Bug 1253640 - Some dirty LUNs are not usable in RHEV (lvm filter?)
Summary: Some dirty LUNs are not usable in RHEV (lvm filter?)
Keywords:
Status: CLOSED CURRENTRELEASE
Alias: None
Product: vdsm
Classification: oVirt
Component: General
Version: ---
Hardware: Unspecified
OS: Unspecified
medium
medium with 1 vote
Target Milestone: ovirt-4.2.1
: ---
Assignee: Nir Soffer
QA Contact: Kevin Alon Goldblatt
URL:
Whiteboard:
: 1426916 (view as bug list)
Depends On: 1374545
Blocks: 1450114
TreeView+ depends on / blocked
 
Reported: 2015-08-14 11:05 UTC by Pavel Stehlik
Modified: 2019-04-28 13:51 UTC (History)
21 users (show)

Fixed In Version: vdsm-4.20.9
Clone Of:
Environment:
Last Closed: 2018-02-12 11:47:48 UTC
oVirt Team: Storage
Embargoed:
rule-engine: ovirt-4.2+
ykaul: exception+


Attachments (Terms of Use)


Links
System ID Private Priority Status Summary Last Updated
oVirt gerrit 85126 0 None MERGED lvmfilter: Filter out the master LV on the SPM 2020-10-08 11:39:12 UTC

Description Pavel Stehlik 2015-08-14 11:05:39 UTC
Description of problem:
 When discovering and logging target, one LUN is missing. There are 3 LUNs altogether in target. All LUNs have same setting. The specific LUN is not visible in vdsm.log nor in engine.log 
 It happens on 2 separate environments. The LUN is corectly shown in 3.5 RHEVM.

Problem here is multipath/udev/lvm - there is no governor who can tell what should be (or shloudn't be) done with discovered device.

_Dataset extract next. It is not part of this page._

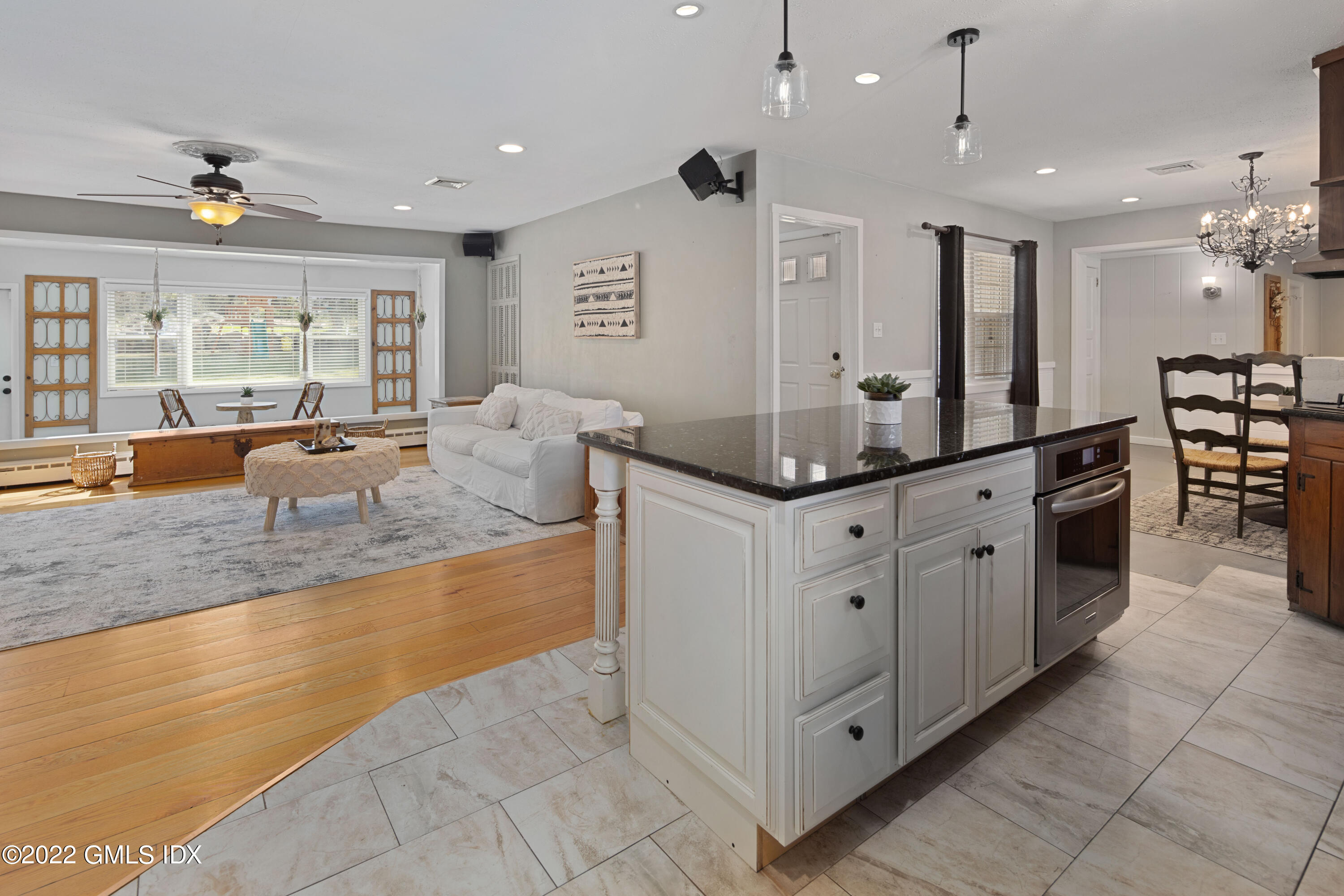 66 Simsbury Road Stamford, CT 06905 - Photo 3 of 40 a large kitchen with kitchen island granite countertop a large counter top and sink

So if there are labels in the connecting device, each 'part'(project - LVM/md/etc...) is handling connecting by itself. 
This is new approach in RHEL7(.2 ?) where this functionality is enabled by default. 

In /var/log/messages:
Aug 13 15:06:55 vm-1 systemd: Started LVM2 PV scan on device 8:32.
Aug 13 15:06:55 vm-1 multipathd: sdb: add path (uevent)
Aug 13 15:06:55 vm-1 multipathd: 1ps02: failed in domap for addition of new path sdb
Aug 13 15:06:55 vm-1 multipathd: uevent trigger error


Version-Release number of selected component (if applicable):
vdsm-4.17.2-1.el7ev.noarch
device-mapper-multipath-0.4.9-81.el7.x86_64
rhevm-3.6.0-0.11.master.el6.noarch

How reproducible:
100%

Steps to Reproduce:
1. create new storage/iscsi
2. discover/log in to target
3.

Actual results:
One LUN is missing

Expected results:
See all LUNs from the target.

Additional info:

Comment 3 Peter Rajnoha 2015-08-14 12:01:45 UTC
(In reply to Pavel Stehlik from comment #0)
> Problem here is multipath/udev/lvm - there is no governor who can tell what
> should be (or shloudn't be) done with discovered device. So if there are
> labels in the connecting device, each 'part'(project - LVM/md/etc...) is
> handling connecting by itself. 

As for LVM (and similar behaviour applies to MD), we're activating all LVs based on incoming events now since RHEL 7.0 (for MD, this was even earlier).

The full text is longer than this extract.